WHAT YOU NEED TO DO:
Beginning with the first line below, output every record verbatim and leave out the images.
Start of RECORDS PROVIDED
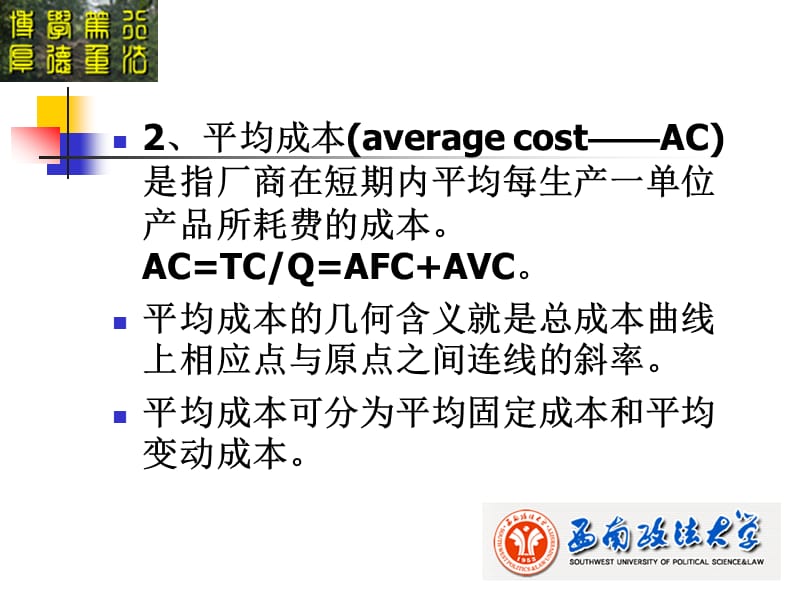 微观经济学课件(第五章-成本理论).ppt_第3页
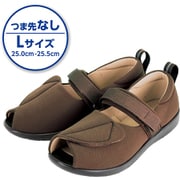 介護靴・介護シューズ プラスハート 転びにくいシューズ つま先なし Lサイズ 茶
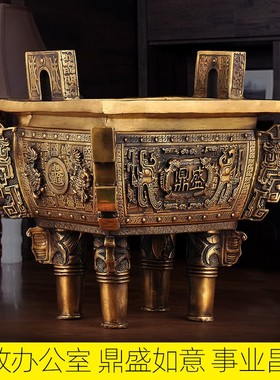 加大特大号纯铜鼎摆件办公室桌招财客厅装饰品铜器四方鼎商务礼品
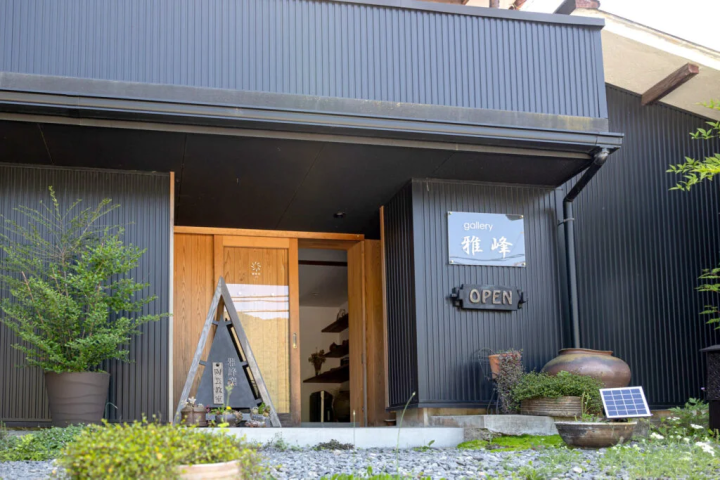 【丹波篠山市】焼き物とグルメのまち、今田町立杭エリアで楽しむ休日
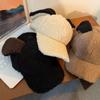 Sunshade Rabbit Ear Baseball Hat Adjustable Winter Peaked Cap Casual Lamb Wool Baseball Cap  Female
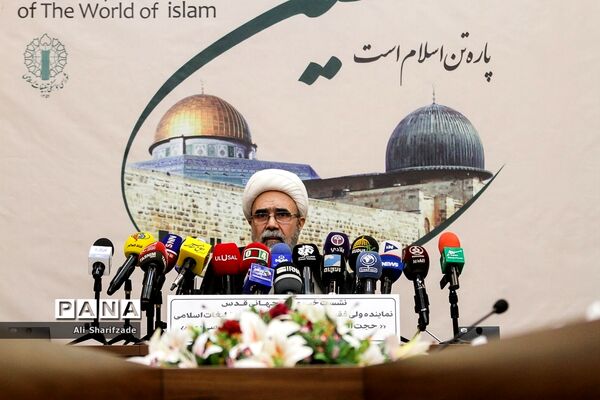 نشست خبری روز جهانی قدس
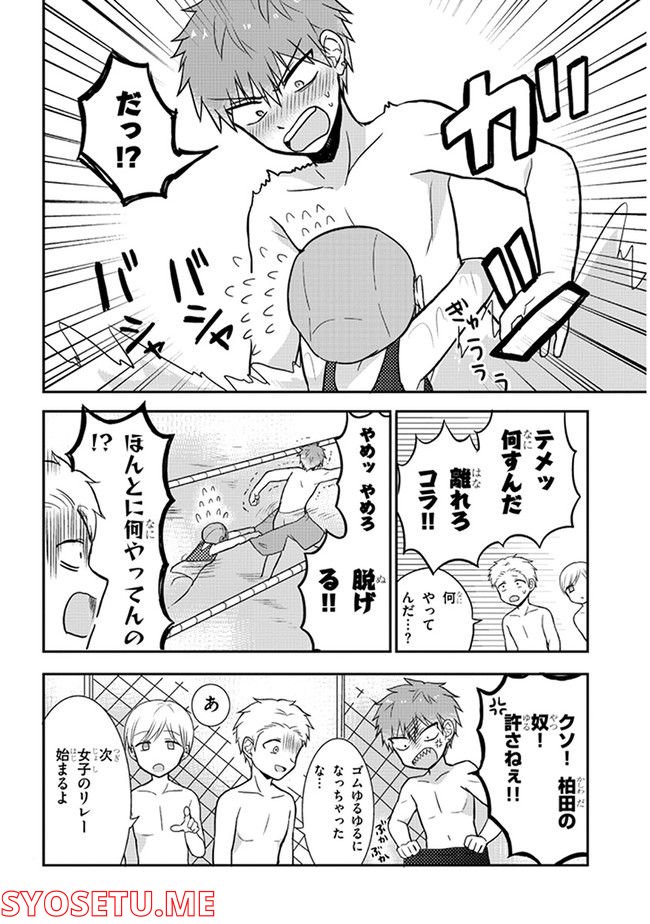 P6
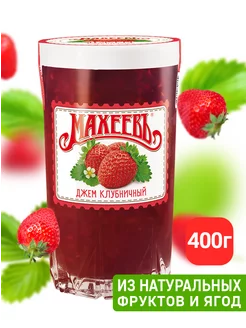 Джем клубничный, стакан стеклянный 400 гр. МахеевЪ 76920379 купить за 170 ₽ в интернет-магазине Wildberries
End of RECORDS PROVIDED
RESPONSE AREA:
 微观经济学课件(第五章-成本理论).ppt_第3页
 介護靴・介護シューズ プラスハート 転びにくいシューズ つま先なし Lサイズ 茶
 加大特大号纯铜鼎摆件办公室桌招财客厅装饰品铜器四方鼎商务礼品
 【丹波篠山市】焼き物とグルメのまち、今田町立杭エリアで楽しむ休日
 Sunshade Rabbit Ear Baseball Hat Adjustable Winter Peaked Cap Casual Lamb Wool Baseball Cap  Female
 نشست خبری روز جهانی قدس
 P6
 Джем клубничный, стакан стеклянный 400 гр. МахеевЪ 76920379 купить за 170 ₽ в интернет-магазине Wildberries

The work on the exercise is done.